Final Answer:
The work done in an isobaric process is given by W = PΔV. Substituting the values, W = (2.0×10⁵ N/m²) × [(4.0×10³ cm³ - 2.0×10³ cm³) × (1 m / 10³ cm)] = 2.4 kJ. The final temperature (T₂) is found using the ideal gas law, T₂ = (P₂V₂) / (nR), which yields T₂ ≈ 600 K, satisfying the conditions given.The correct answer is (a) 2.4 kJ, 600 K, 1.67 mol, ΔU = 0 J, Q = 2.4 kJ.
Step-by-step explanation:
In an isobaric process, the work done by a gas can be calculated using the formula W = PΔV, where P is the pressure and ΔV is the change in volume. Substituting the given values, we get W = (2.0×10⁵ N/m²) × [(4.0×10³ cm³ - 2.0×10³ cm³) × (1 m / 10³ cm)] = 2.4 kJ. This satisfies the first part of the answer.

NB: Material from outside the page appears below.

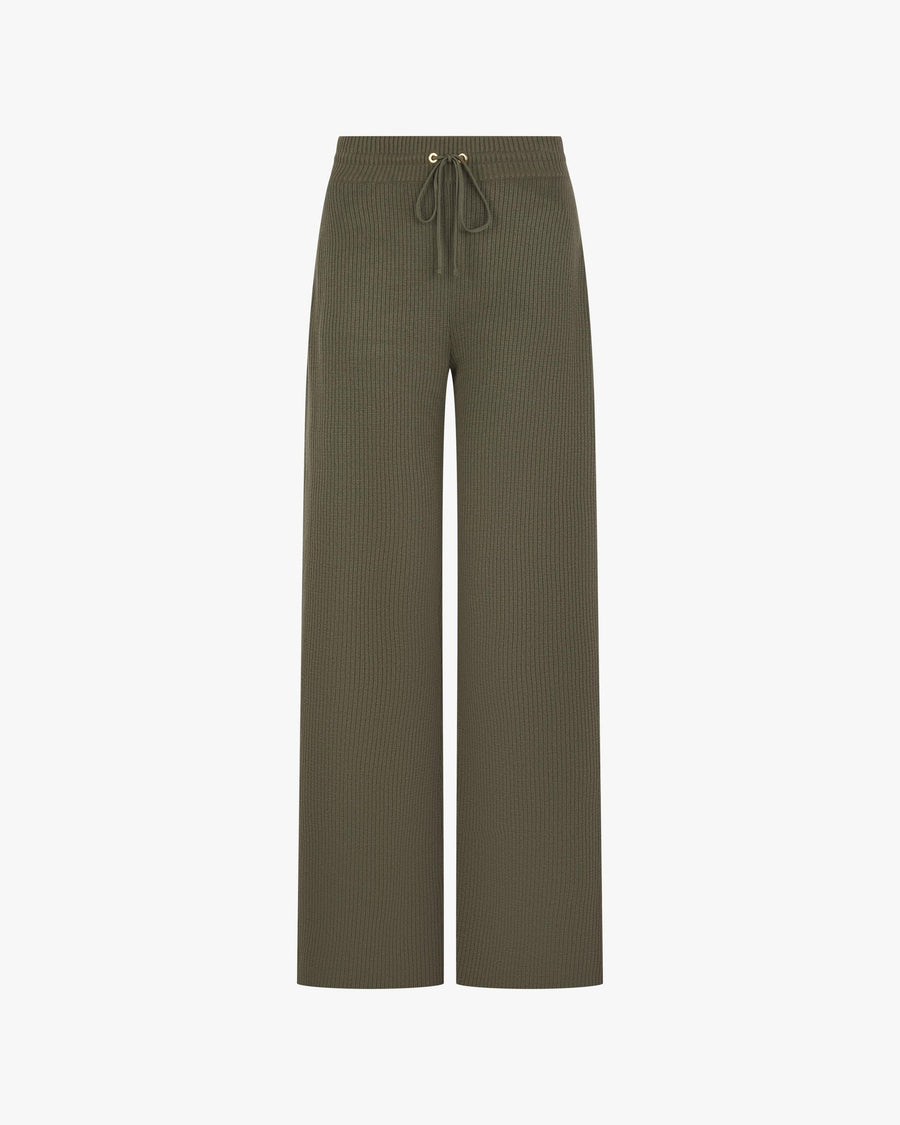 Olive ribbed wide-leg trouser in cotton-cashmere with gold hardware.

For part (b), the final temperature (T₂) can be found using the ideal gas law: PV = nRT. Rearranging for T₂, we get T₂ = (P₂V₂) / (nR). Substituting the values, we find T₂ = (2.0×10⁵ N/m² × 4.0×10³ cm³ × (1 m / 10³ cm)) / (1.67 mol × 8.314 J/(mol K)) ≈ 600 K.

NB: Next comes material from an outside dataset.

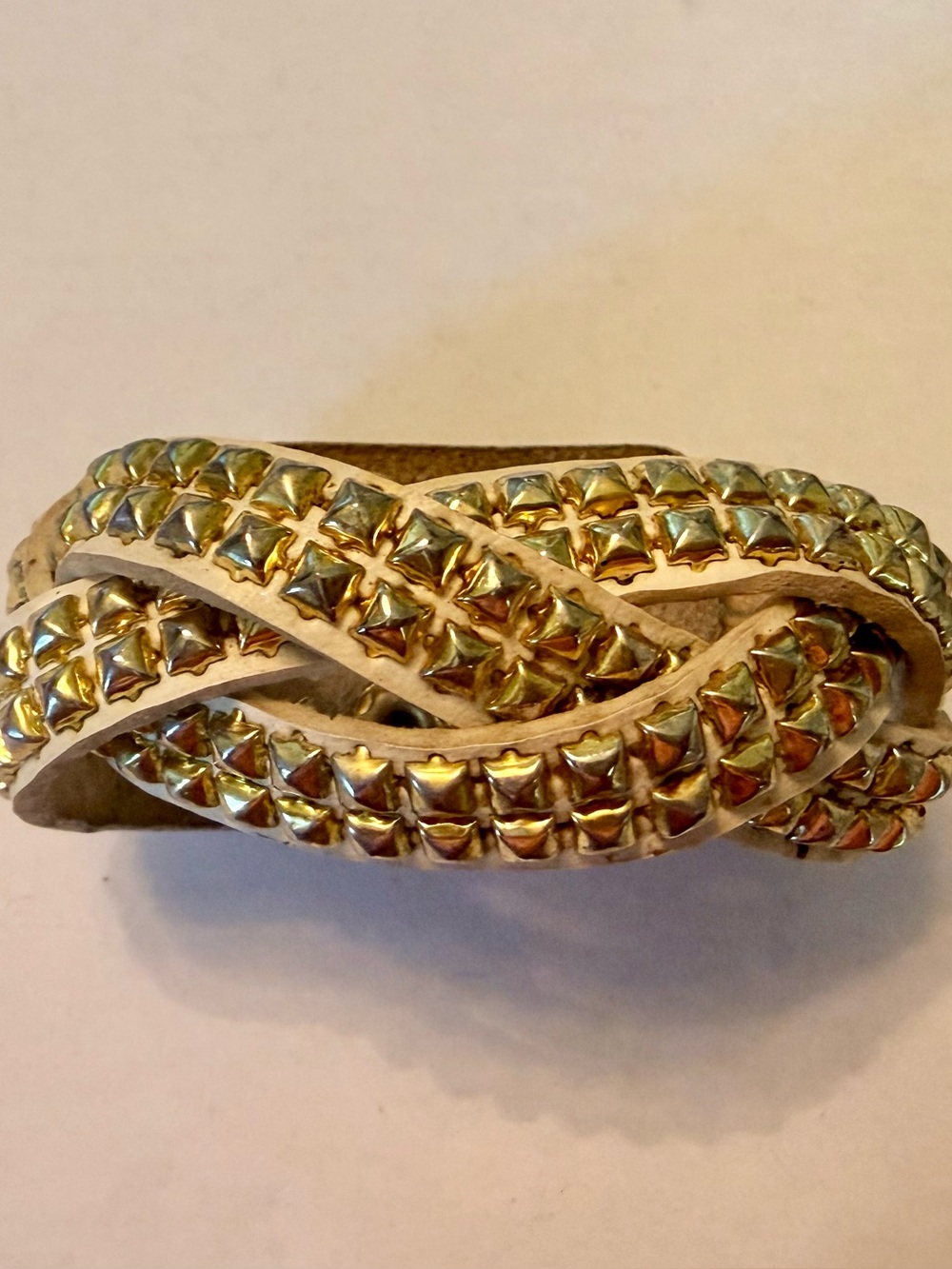 Gold-Tone Twisted Studded Cuff Bracelet - Women Jewelry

For part (c), the number of moles (n) is given by the initial volume and the ideal gas law: n = P₁V₁ / (RT₁). Substituting the values, we find n = (2.0×10⁵ N/m² × 2.0×10³ cm³ × (1 m / 10³ cm)) / (8.314 J/(mol K) × 300 K) ≈ 1.67 mol.
For parts (d) and (e), since it's a quasi-static isobaric process and ΔU = Q - W, and W = 2.4 kJ, ΔU = 0 J, and Q = 2.4 kJ. Thus, the correct answer for (d) and (e) is ΔU = 0 J and Q = 2.4 kJ. This completes the explanation, demonstrating the application of thermodynamic principles and calculations to solve the given problem.
The correct answer is (a) 2.4 kJ, 600 K, 1.67 mol, ΔU = 0 J, Q = 2.4 kJ.